Venezuela Is Like ... (Part II)
Last time on Super-Sad Updates, I speculated (i) that the Venezuelan people could be in for more suffering and bondholders for more coupon payments (see Romania), (ii) that Venezuela’s complex debt stock was prone to shell games and inter-creditor conflicts, which could delay a workout (see Puerto Rico), and (iii) that a bet on PDVSA bonds over sovereign bonds today required too many assumptions to hold my shrinking attention span (but see Turkmenistan … or not). Now I try to imagine what might happen if the government did decide to restructure. It brings back memories of …
Argentina
Those who never want to hear the words “pari passu” again should skip the next three paragraphs. Gluttons for punishment, please read on.
Some Venezuelan bonds have pari passu clauses like those that let a few of Argentina’s creditors block payments to the rest. These bonds have no Collective Action Clauses (CACs), so that changing key terms requires unanimous creditor consent. Pari passu did not rate as key back when the bond contracts were drafted, which must be why it can be mangled with a simple majority vote. In a bond exchange, Venezuela can ask participating creditors to vote to make the pari passu clause in their old bonds worthless to holdouts. Such “exit consents” targeting pari passu would benefit participating creditors directly, by shielding the new payment streams from Argentina-style ambush. They are a small ask compared to, say, exit consents to switch the obligor on the old bonds.

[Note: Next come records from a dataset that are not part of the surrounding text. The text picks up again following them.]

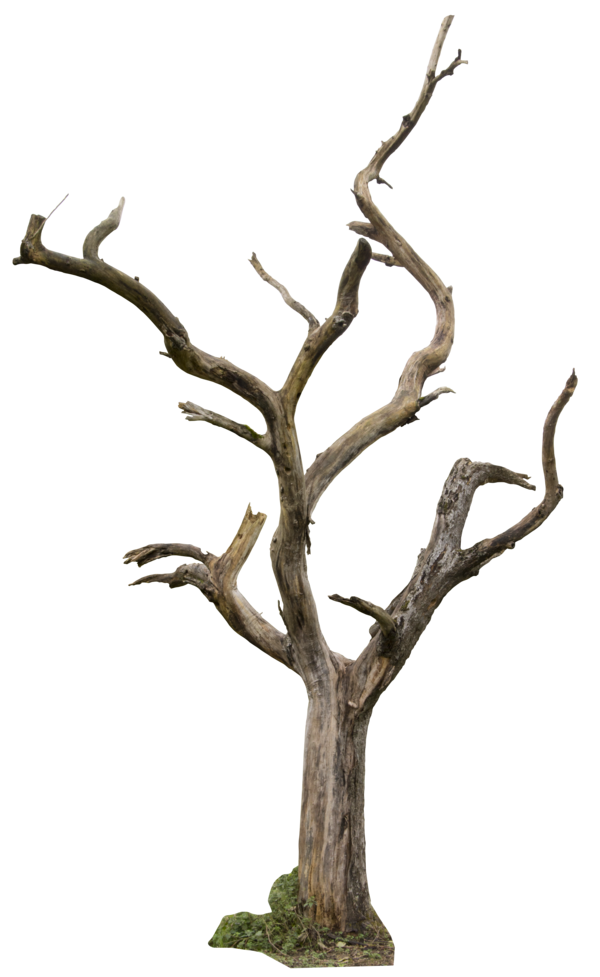 dead tree clipart - photo #11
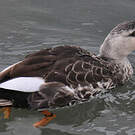 Canard à bec tacheté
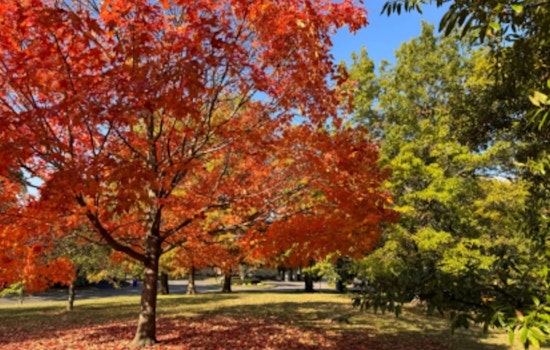 Upper Arlington Unveils Interactive Leaf Trail Map for Optimal Fall Foliage Viewing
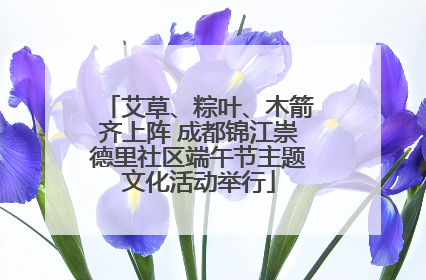 艾草、粽叶、木箭齐上阵 成都锦江崇德里社区端午节主题文化活动举行
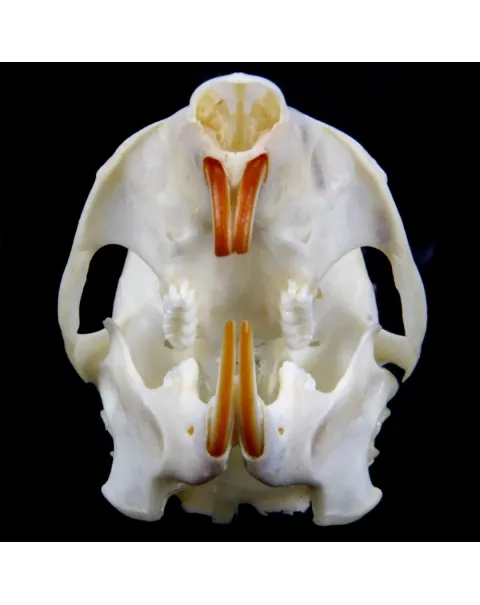 Teschio di scoiattolo - Sciurus Vulgaris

In addition to its CAC-less old bonds, Venezuela has two flavors of CAC bonds, with 75% and 85% voting thresholds. These have less vulnerable pari passu clauses, but also less scope for exit consents. All else equal, the 85% bonds are harder to amend, but word is that would-be free-riders already have 15+% blocking positions in them. Anyone who holds these bonds could be in for a long ride: enforcement lawsuits took fifteen years to bear fruit in Argentina, and left behind a trail of regret and defensive learning.
Rounding out the tour, PDVSA’s bonds are too hard and too loose at the same time. They require unanimous consent to amend most key terms outside bankruptcy, but seem to allow the debtor to substitute another obligor, even a near-empty shell, with a simple majority vote. The courts would have a lot to chew on here, and might take their time chewing.
From a free-rider’s perspective, contract weeds are most valuable when they help you escape default altogether (see Greece) or get a quick side payment. Especially as money gets dear, protracted court battles are unappealing. A quick deal is likely when holdouts are a small part of total debt, and when the debtor really wants to move on from the crisis (see Peru). At the other extreme, when the government has no political room to settle—when foreign court rulings take center stage in domestic politics and domestic political rhetoric becomes foreign court bait—even the strongest contracts cannot break the impasse. Settlement takes a new government, which is so eager to move on that it risks giving away the store. In Argentina and elsewhere, contract terms seem to do more work to implement a sovereign’s political choices than to constrain them.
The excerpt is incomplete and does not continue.